Maybe I'm missing something but it seems to me that all you can study monads in programming languages without having to also learn the category theory abstraction of it. The same goes for semigroups, monoids, folds, functors, ...
I'm sure there's a benefit in category theory once you want to unify all these abstractions and talk about all of them together, but I see so many people who think they have to learn CT before they can understand monads in e.g. Haskell, and I don't really understand why.
I agree with you. CT seems mostly useful as a way of devising entirely new abstractions, but once those abstractions are developed, you don't need CT to use them.
For example if it were 2008 and you want to be inventor Applicative functors for use in Haskell, then knowing lax monoidal functors from CT might be helpful. But if you want to just use Applicative functors, you don't need to learn lax monoidal functors first.
So programmers probably don't need to learn CT because they can just let the computer scientists devise their abstractions for them. But if you want to be a computer scientist and one day devise your own abstractions[0], then maybe CT would be helpful.
Do you have any recommended reading for learning CT from the perspective of an engineer who does want to make their own abstractions?
Your description is the single best sales pitch for learning it that I've ever heard. I'm legitimately interested now — in a way that I simply wasn't before your comment.
Everyone else who tries to hype up CT is always like, "Whoa, bro, don't you know that addition is actually a monoid endofunctor over the set of all hyper-reals?" (Or something.) I guess that sort of breathless mathematical revelation is supposed to be so mind-blowing that anyone who hears it gets instantly hooked. My usual response was always just, "So what?"
But you're telling me I can become a better engineer? A meta-engineer, who can engineer things to engineer with? Yeah, I'd definitely be up for that.
That said, if I had to guess at what would be effective at getting up to speed without spending 25 years, would be to checkout https://github.com/hmemcpy/milewski-ctfp-pdf Category Theory for Programmers. Milewski was one of those people who were like "Oh, it's simply Yoneda this and Yoneda that", and he figured it out all himself in parallel without seeing my proof.
But I doubt it will be like, knowing Category Theory will enable you to have super powers for abstraction design.

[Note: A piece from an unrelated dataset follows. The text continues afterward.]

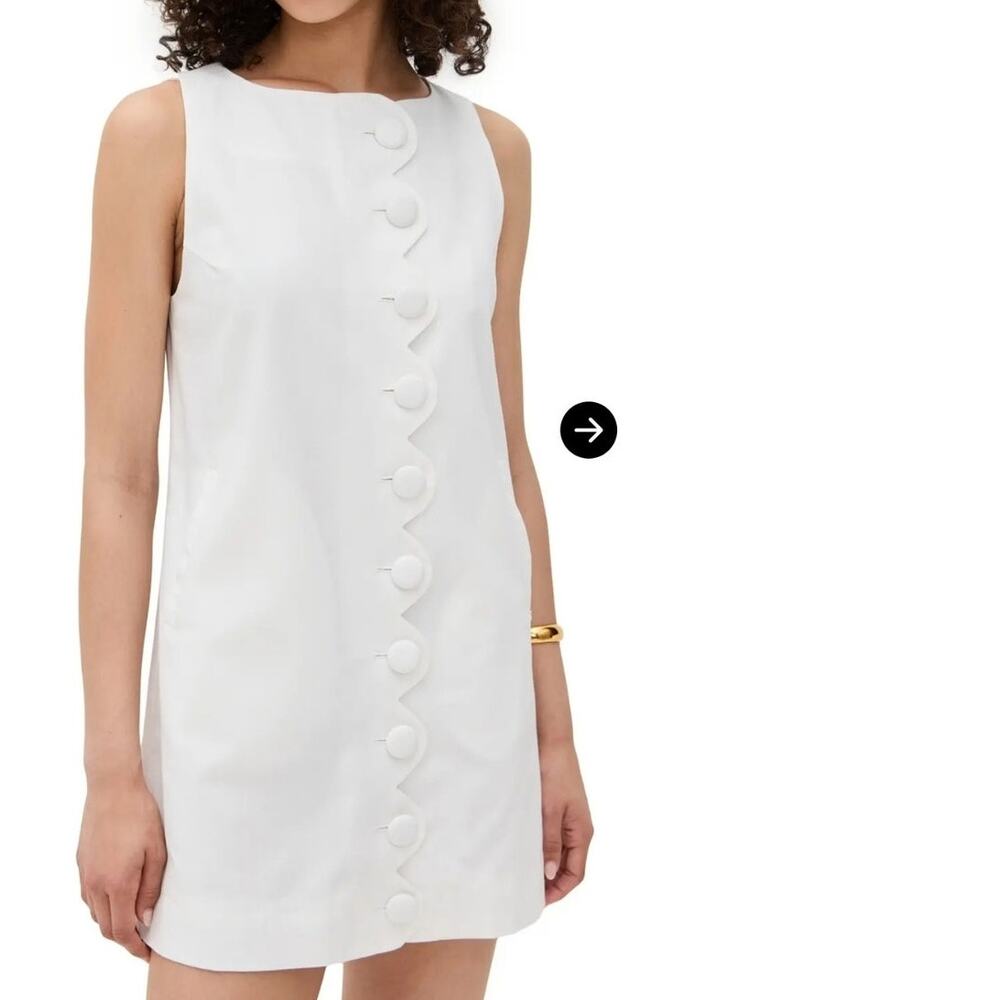 Few Moda Kourt Dress Size Medium White New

Rather it will be a matter of having enough mathematical tools at your disposal plus the right inspiration at the right time to realize that ones of those tools can happen to solve your abstraction programming problem you happen to be facing at some moment, in a way that is not obvious, if you are lucky. In fact, you likely have to first guess at what the right abstraction is and then fall back on Category Theory to verify the sanity of your guess.